昼間に寝るときには、ショパンのピアノ。特にノクターンが良い。ラジカセでタイマーを1時間設定するが、その半分以下の時間で眠ってしまう。だから未だにノクターンの全曲は聴いたことが無い。

Posted by: たぶれ人 | Thursday, March 17, 2005 at 12:45 AM

>たぶれ人様

ショパンのノクターンが「通し鑑賞」の対象に向かないと云う要素は、しばしば指摘されております。
各個がミクロコスモス的な作品ですから、お好きな作品をお好きな折に鑑賞なさるのが何よりなのではないでしょうか(^-^)

個人的な趣味を申せば、「全曲盤」の体裁で、そうした美質を満たした演奏には未だ巡り会いません。
むしろ「一面一曲入魂」であったSP録音の時代に、恐るべき輝きを宿した名演が多く残されているように思います。
パハマン然り、ローゼンタール、フリードマン然りです。

Posted by: Tando | Thursday, March 17, 2005 at 01:49 AM

Tabula RasaのCDジャケット未だに色々と試みている。あの曲の持つ魅力の一寸した引き立てに成ったらと思い…。前回の方が良いのか?と迷いながらもう一枚、少し色を変えてHPに掲載した。
 話は変わるが、昔良く聴いた”フラワートラベリンバンド”もしCD入手可なら教えてください。

Posted by: たぶれ人 | Wednesday, April 13, 2005 at 01:46 AM

>たぶれ人様

メールにてお返事するつもりが、ずっと欠礼を続けてしまいました。
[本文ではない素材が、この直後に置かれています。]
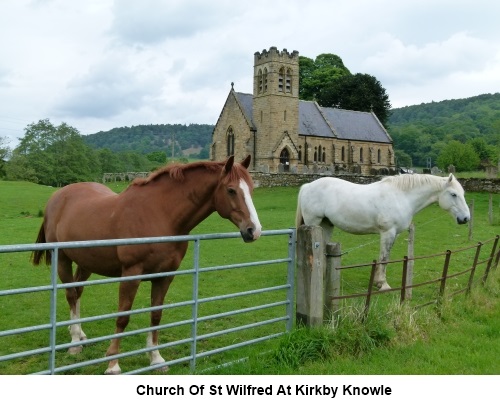 Church of St. Wilfred at Kirkby Knowle
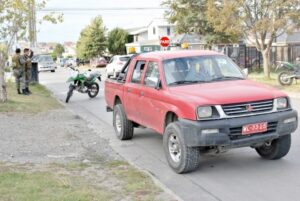 Dos detenidos por agredir a Carabineros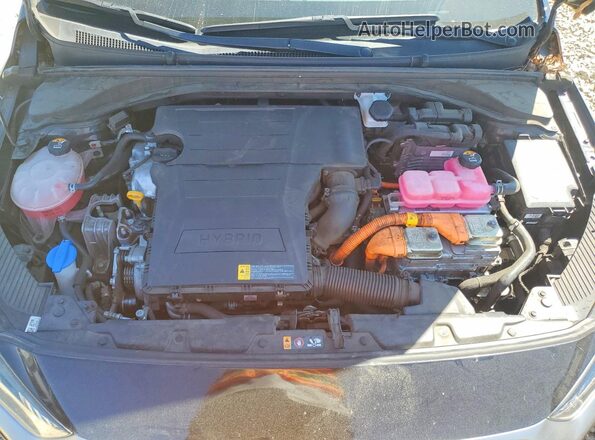 KMHC05LC0LU234311 2020 HYUNDAI IONIQ Black Սալոնի հետևի տեսք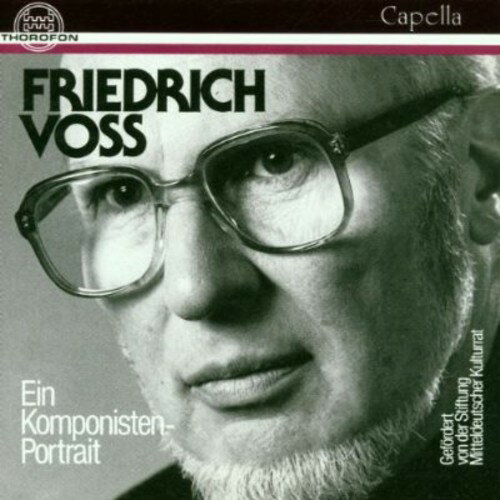 Voss / Sdr Sundfunken Choir Stuttgarg - Composer's Portrait CD Ao yAՁz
申し訳ありません。

>フラワートラベリンバンド

早速リサーチ致しますね。

Posted by: Tando | Sunday, April 17, 2005 at 05:59 PM

はじめまして。よく眠れるような音楽が紹介されていたので、参加させてもらいました。クラシックは聞かなかったので楽しそう☆今はオルゴールのCDで夜 過ごしてます。

Posted by: サマー | Sunday, November 15, 2009 at 02:15 AM

>サマー様

はじめまして、コメントありがとうございます。このエントリーを掲出してから、もう5年近く経っていることに自分でもビックリです^^;
幸い、入手の可否状況はあまり変わっていないようですね。
グレツキだけは文中の音源が手に入りにくくなっていますので、アントニン・ヴィト指揮のNaxos盤
http://www.amazon.co.jp/dp/B00005F4B5/
でもよろしいかと存じます。安価でとても良い演奏です。グレツキは題材も曲調も悲しい作品なので、普段から聴かれるなら「プレイアデス舞曲集」が一番お楽しみになれるかもしれません。ジャンルを超えて素晴らしい作品ですよ!